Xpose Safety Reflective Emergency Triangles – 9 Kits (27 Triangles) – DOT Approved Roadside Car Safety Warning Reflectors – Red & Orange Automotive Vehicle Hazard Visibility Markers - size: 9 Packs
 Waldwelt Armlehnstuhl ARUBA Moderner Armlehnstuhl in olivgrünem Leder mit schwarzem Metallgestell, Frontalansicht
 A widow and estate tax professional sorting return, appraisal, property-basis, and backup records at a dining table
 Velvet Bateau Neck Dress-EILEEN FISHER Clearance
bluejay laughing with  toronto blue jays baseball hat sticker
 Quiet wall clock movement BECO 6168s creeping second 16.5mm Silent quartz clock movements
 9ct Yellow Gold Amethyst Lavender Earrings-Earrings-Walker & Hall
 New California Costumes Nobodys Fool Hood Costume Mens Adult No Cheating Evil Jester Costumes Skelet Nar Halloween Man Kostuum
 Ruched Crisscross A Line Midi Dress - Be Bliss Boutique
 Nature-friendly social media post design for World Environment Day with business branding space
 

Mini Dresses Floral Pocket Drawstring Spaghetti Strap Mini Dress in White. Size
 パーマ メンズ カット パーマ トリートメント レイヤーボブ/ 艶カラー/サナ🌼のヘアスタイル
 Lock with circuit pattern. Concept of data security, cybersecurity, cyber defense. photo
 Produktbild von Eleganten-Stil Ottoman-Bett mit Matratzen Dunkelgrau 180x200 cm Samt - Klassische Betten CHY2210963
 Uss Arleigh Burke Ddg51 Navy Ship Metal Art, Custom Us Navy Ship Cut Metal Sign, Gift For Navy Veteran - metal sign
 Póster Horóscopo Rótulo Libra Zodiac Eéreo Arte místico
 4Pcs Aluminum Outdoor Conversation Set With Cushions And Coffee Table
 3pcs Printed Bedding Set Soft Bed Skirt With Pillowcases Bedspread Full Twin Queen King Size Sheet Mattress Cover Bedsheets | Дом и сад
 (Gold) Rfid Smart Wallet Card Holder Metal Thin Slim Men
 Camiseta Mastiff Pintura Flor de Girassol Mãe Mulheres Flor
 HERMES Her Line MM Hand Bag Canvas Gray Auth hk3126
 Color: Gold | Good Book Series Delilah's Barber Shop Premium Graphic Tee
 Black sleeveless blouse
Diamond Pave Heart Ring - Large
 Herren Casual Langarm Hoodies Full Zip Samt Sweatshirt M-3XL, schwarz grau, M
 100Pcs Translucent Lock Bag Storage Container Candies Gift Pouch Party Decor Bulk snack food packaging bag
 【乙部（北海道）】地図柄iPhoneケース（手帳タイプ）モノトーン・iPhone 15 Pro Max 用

━━━━

▸ **Task objective**: Using the listing above, report each line that mentions the word "Gift".

▸ **Your response**:
 Uss Arleigh Burke Ddg51 Navy Ship Metal Art, Custom Us Navy Ship Cut Metal Sign, Gift For Navy Veteran - metal sign
 100Pcs Translucent Lock Bag Storage Container Candies Gift Pouch Party Decor Bulk snack food packaging bag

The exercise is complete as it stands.